Apple is offering free recycling of all its used products and vowing
to power all of its stores, offices and data centers with renewable
energy to reduce the pollution caused by its devices and online
services.
Apple
had already been distributing gift cards at some of its 420 worldwide
stores in exchange for iPhones and iPods still in good enough condition
to be resold. Now, all of the company's stores will recycle any Apple
product at no charge. Gift cards won't be handed out for recycled
products deemed to have little or no resale value.
The offer
covers a wide array of electronics that aren't supposed to be dumped in
landfills because of the toxins in them. In the past seven years alone,
Apple has sold more than 1 billion iPhones, iPods, iPads and Mac
computers.
The new initiative, timed to coincide with Tuesday's
annual celebration of Earth Day, strives to position Apple as an
environmental steward amid the technological whirlwind of gadgets and
Internet services that have been drawing more electricity from power
plants that primarily run on natural gas and coal.
Technology
products and services accounted for about 2 percent of worldwide
emissions in 2012, roughly the same as the airline industry, according
to statistics cited by environmental protection group Greenpeace in a
report released earlier this month. Some of biggest electricity demands
come from huge data centers that house the stacks of computers that
process search requests, store photos and email and stream video.

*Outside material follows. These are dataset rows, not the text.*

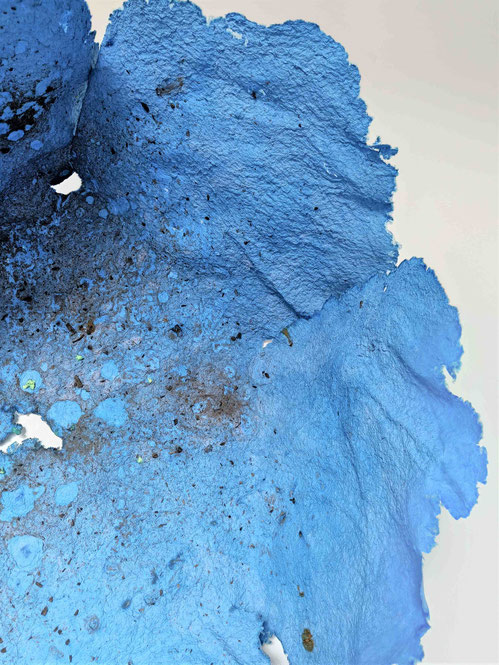 ASHFLOWER. 2022, paper cast, pigment, ash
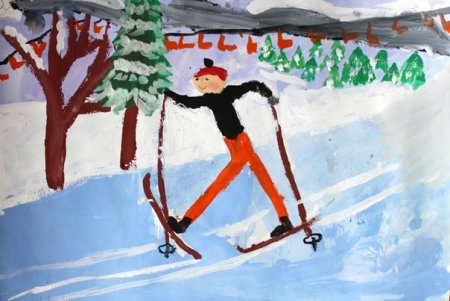 Рисунок лыжной трассы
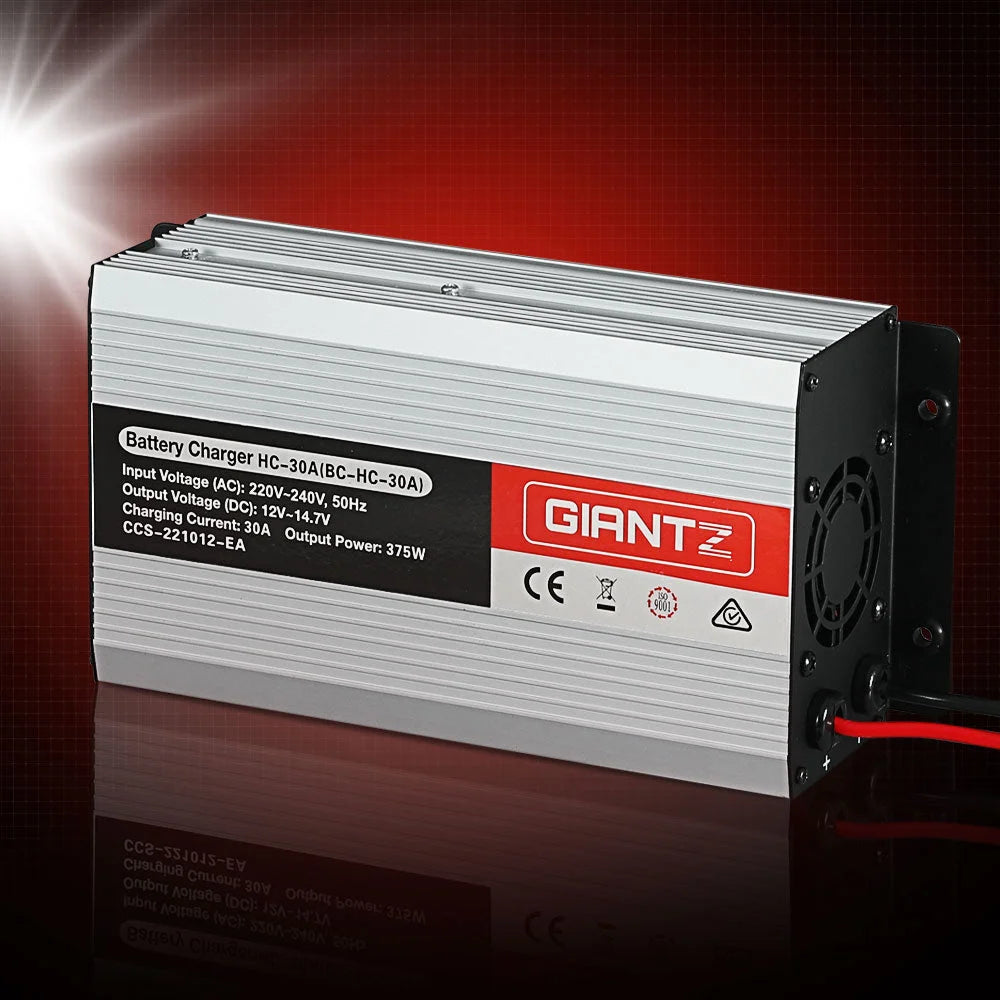 Car Battery Charger 12V 30A 30Amp ATV 4WD Boat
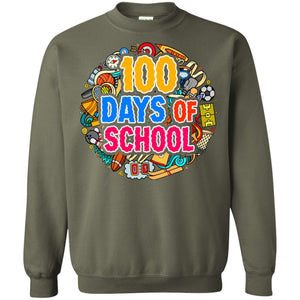 100 Days Of School Last Day Of School ShirtG180 Gildan Crewneck Pullover Sweatshirt 8 oz.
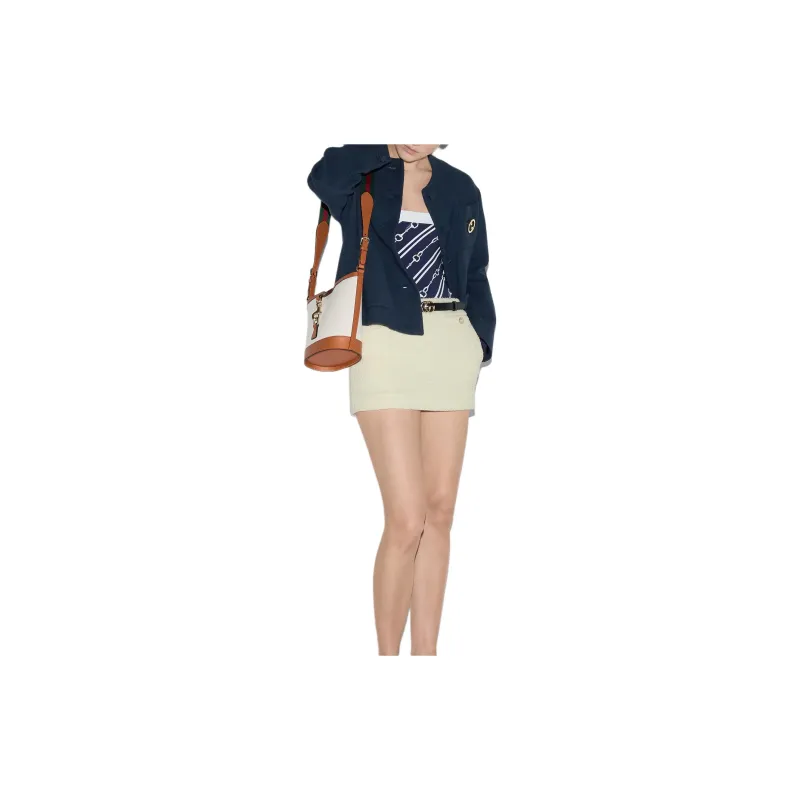 GUCCI G Brooch Tweed Jacket-5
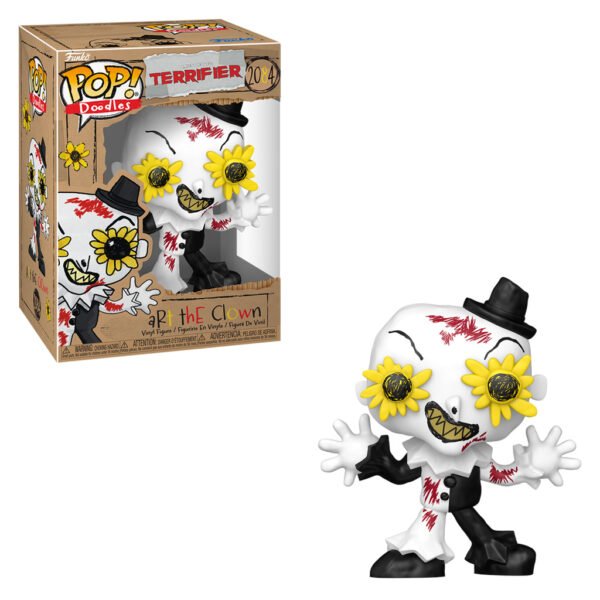 Funko Pop Doodles Terrifier Art The Clown 2084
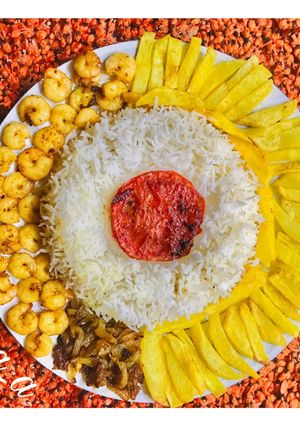 عکسی از دستور میگو سرخ شده طعم دار❤️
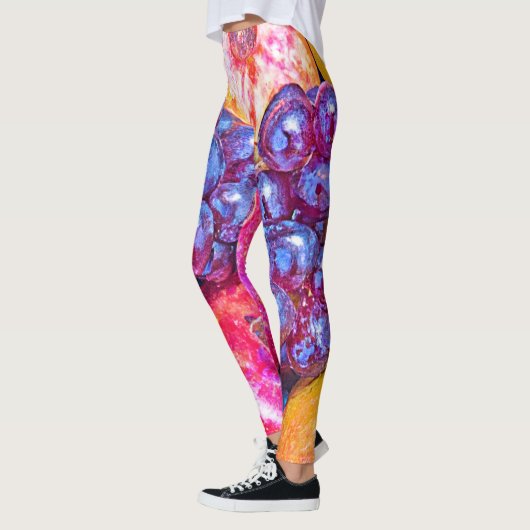 Fruit Stilleven Kunst Leggings (Links)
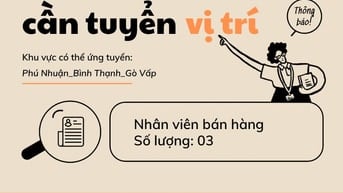 VIỆC LÀM PARTTIME - FULLTIME CHO NGƯỜI ĐI LÀM PHÚ NHUẬN 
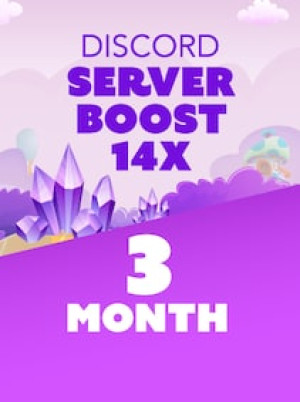 Discord Server Boost 14x 3 Months - Discord Boost Key - GLOBAL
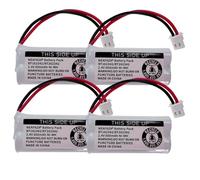 NEAFAZA BT162342/BT262342 Cordless Phone Battery 2.4v 600Mah Ni-Mh BT183342/BT283342 BT166342/BT266342 CS6114 CS6419 CS6719 CL80111 EL52300 Telephone Battery Pack (4 Pack)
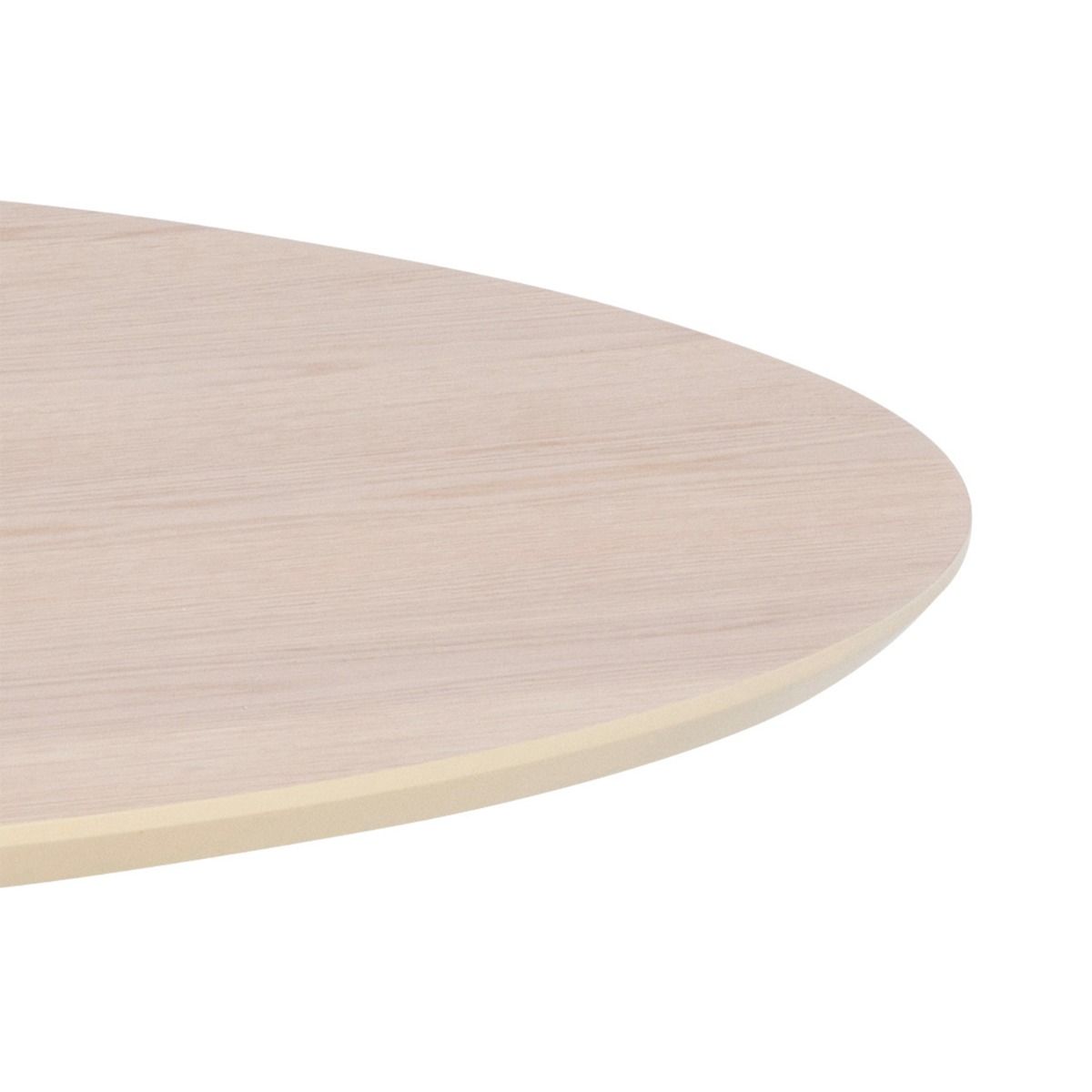 Wooden Dining Table for 4 People Round - Duncan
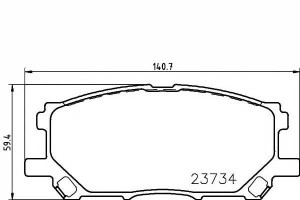 Klocki Hamulcowe Toyota Przód Lexus Rx300 03- Text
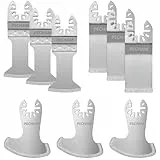 PECHAM 9PCS Diamant Sägeblatt, Oszillierwerkzeug Zubehör für Mörtel entfernen und weiche Fliesen schneiden, Fit Porter Cable Black & Decker Rockwell Ridgid Ryobi Milwaukee Chicago Craftsman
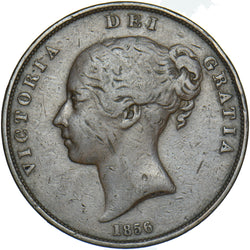 1856 Penny (OT) - Victoria British Copper Coin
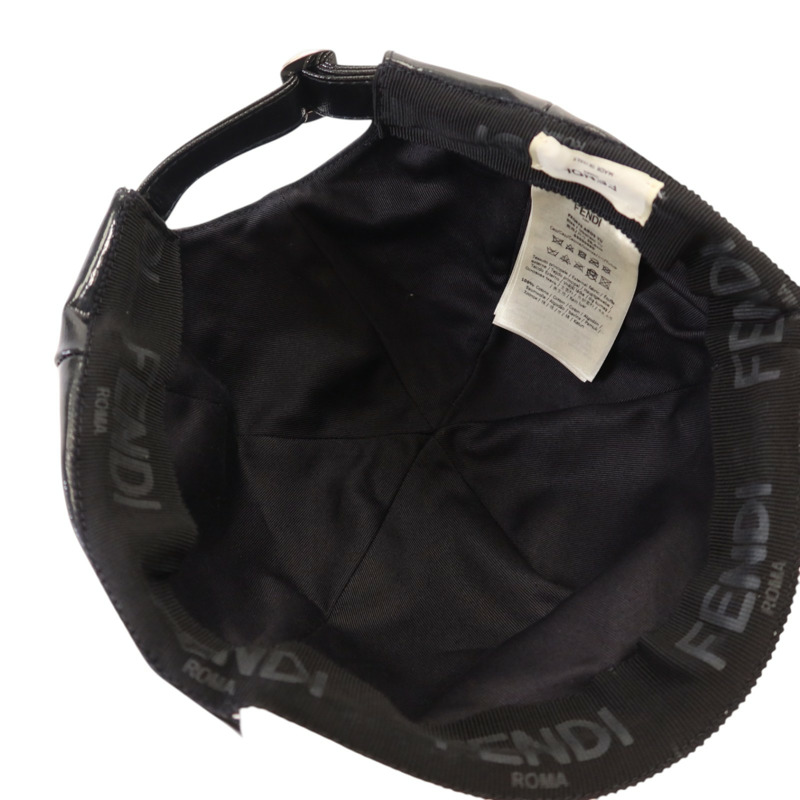 FENDI 塗層帆布Logo Print Baseball Cap帽子-5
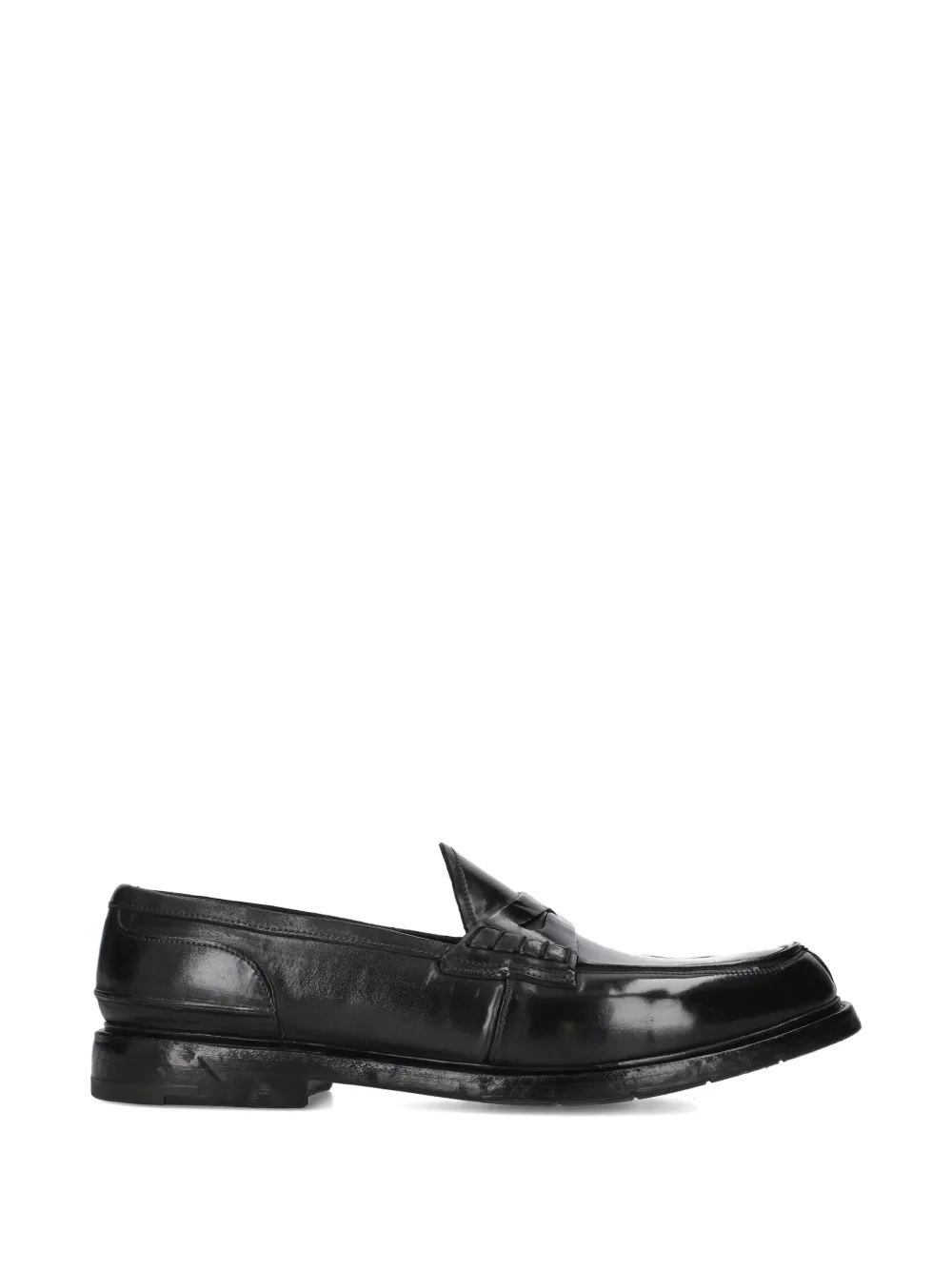 Premiata woven leather loafers - Black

As the world's largest technology company, Apple is trying to hatch more environmental solutions than problems.
"What
the company wants to do is use all our innovation and all of our
expertise to make the planet more secure and make the environment
better," Lisa Jackson, Apple's vice president of environmental
initiatives, said in a Monday interview. Jackson ran the Environmental
Protection Agency under President Barack Obama before joining Apple last
June.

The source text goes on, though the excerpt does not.